## PROVIDED DATA
%%

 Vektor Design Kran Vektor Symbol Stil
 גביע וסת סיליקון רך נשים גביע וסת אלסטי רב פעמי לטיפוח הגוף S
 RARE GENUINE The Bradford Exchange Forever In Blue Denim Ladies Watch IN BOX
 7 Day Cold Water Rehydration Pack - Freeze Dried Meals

%%
%%

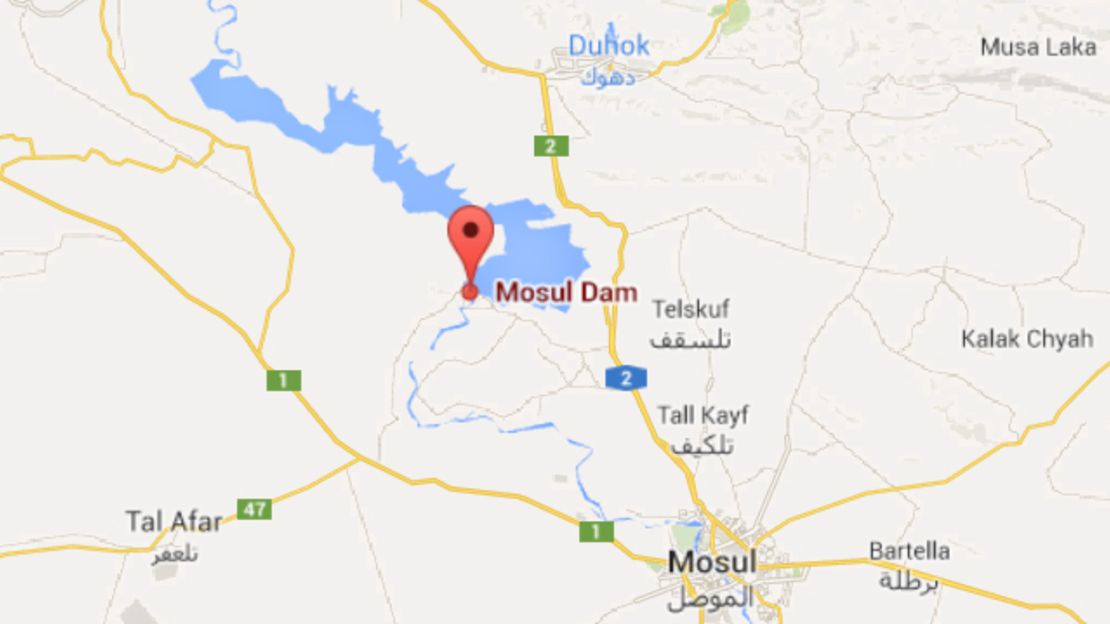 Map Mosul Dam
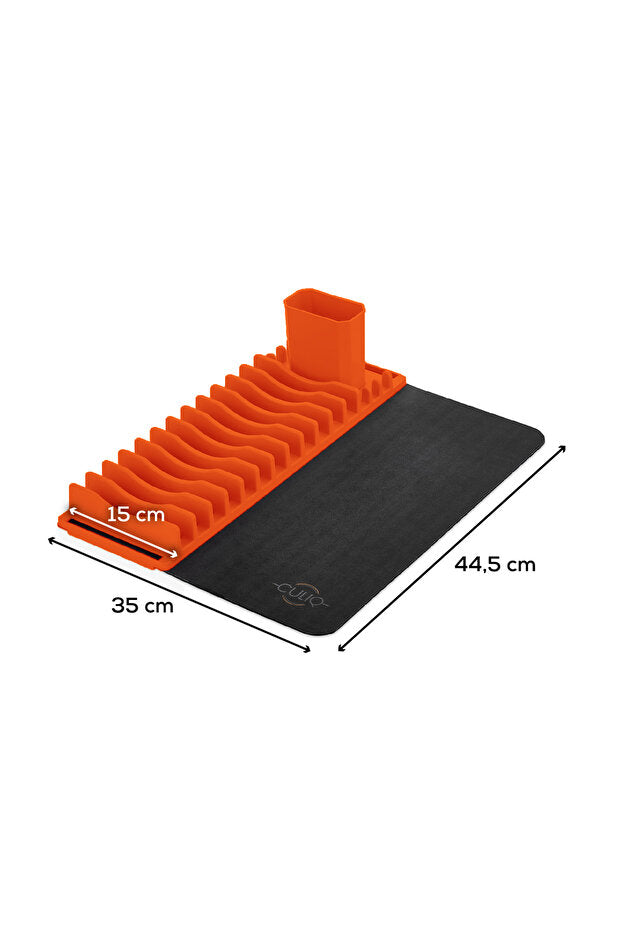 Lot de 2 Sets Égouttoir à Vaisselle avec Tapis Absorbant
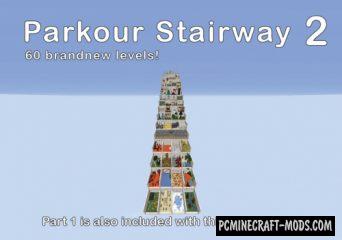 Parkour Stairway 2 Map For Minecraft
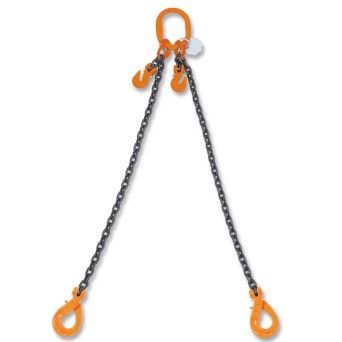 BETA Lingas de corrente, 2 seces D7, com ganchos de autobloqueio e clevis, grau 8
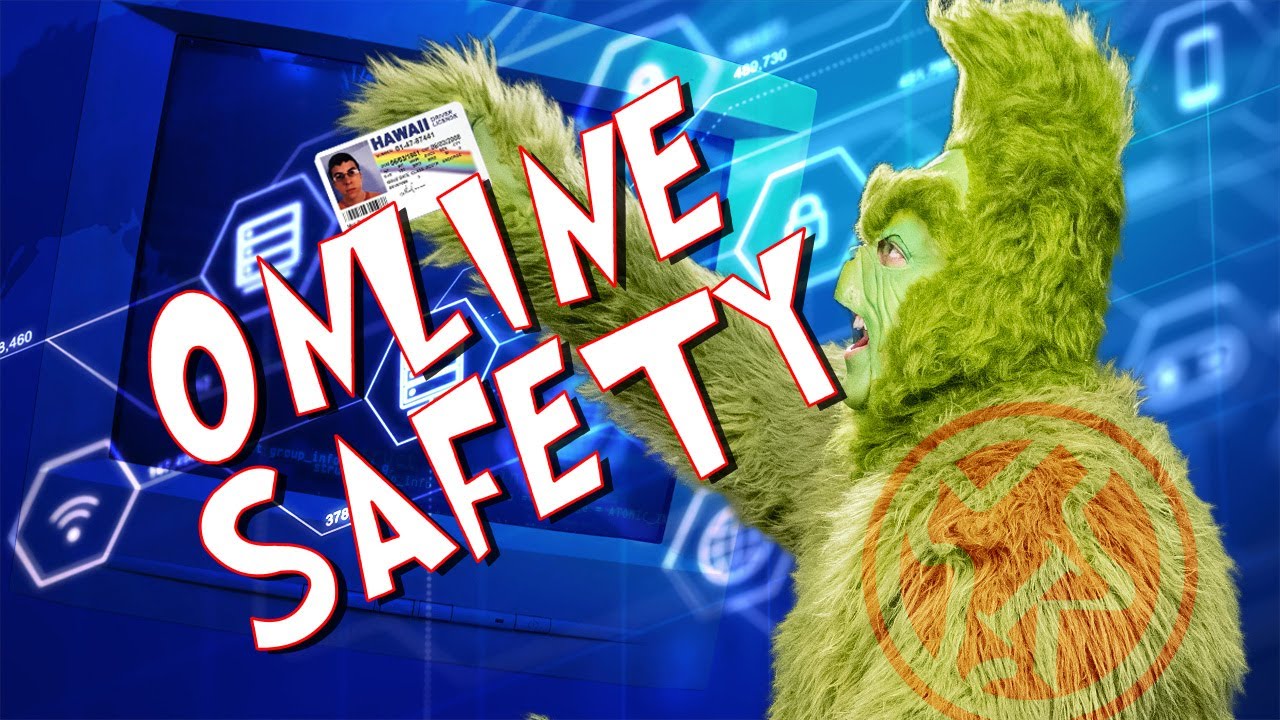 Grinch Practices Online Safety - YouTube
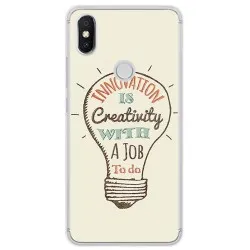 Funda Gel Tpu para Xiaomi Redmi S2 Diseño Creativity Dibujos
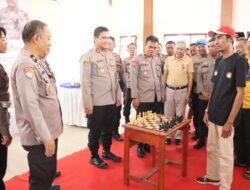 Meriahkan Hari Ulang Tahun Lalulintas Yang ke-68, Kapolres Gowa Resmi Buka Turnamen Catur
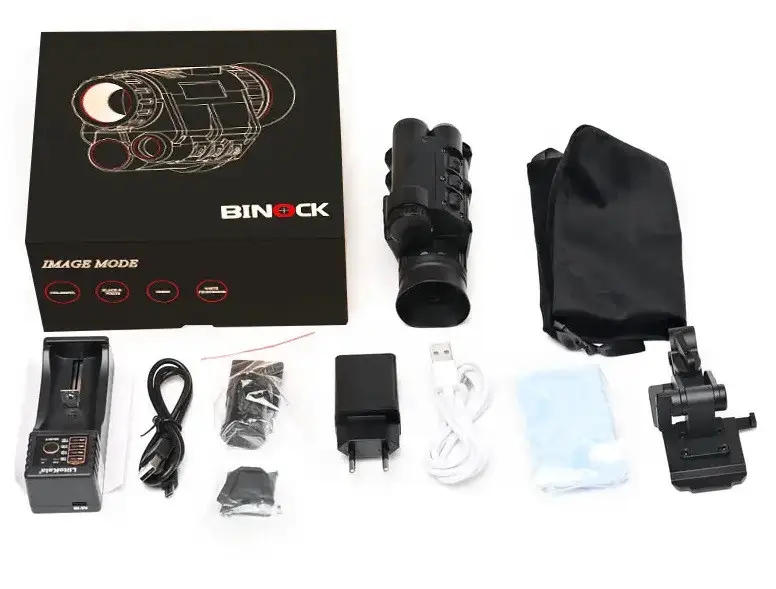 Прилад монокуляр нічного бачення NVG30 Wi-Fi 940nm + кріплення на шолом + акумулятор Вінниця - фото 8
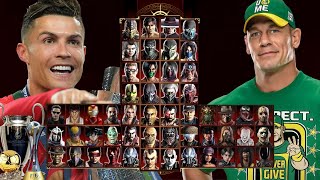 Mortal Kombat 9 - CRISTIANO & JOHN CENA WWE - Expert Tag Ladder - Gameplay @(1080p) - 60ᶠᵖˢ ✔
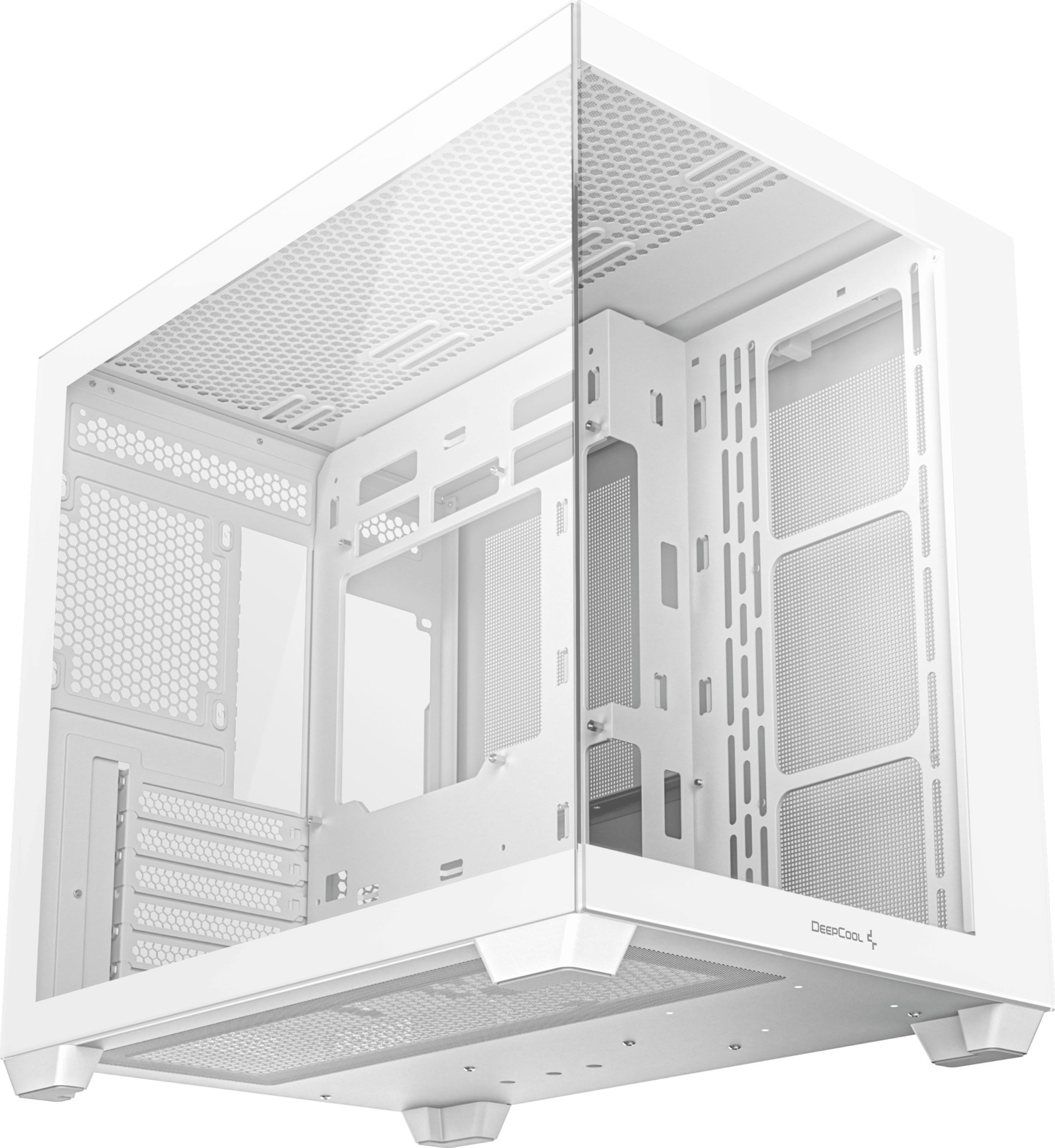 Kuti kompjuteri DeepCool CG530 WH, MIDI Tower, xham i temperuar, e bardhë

%%

## REQUIRED ACTION
Return only the stretch above from the line containing "Meriahkan Hari Ulang" through the line containing "Kuti kompjuteri DeepCool", word for word and without pictures.

## SOLUTION TO THIS EXERCISE
 Meriahkan Hari Ulang Tahun Lalulintas Yang ke-68, Kapolres Gowa Resmi Buka Turnamen Catur
 Прилад монокуляр нічного бачення NVG30 Wi-Fi 940nm + кріплення на шолом + акумулятор Вінниця - фото 8
 Mortal Kombat 9 - CRISTIANO & JOHN CENA WWE - Expert Tag Ladder - Gameplay @(1080p) - 60ᶠᵖˢ ✔
 Kuti kompjuteri DeepCool CG530 WH, MIDI Tower, xham i temperuar, e bardhë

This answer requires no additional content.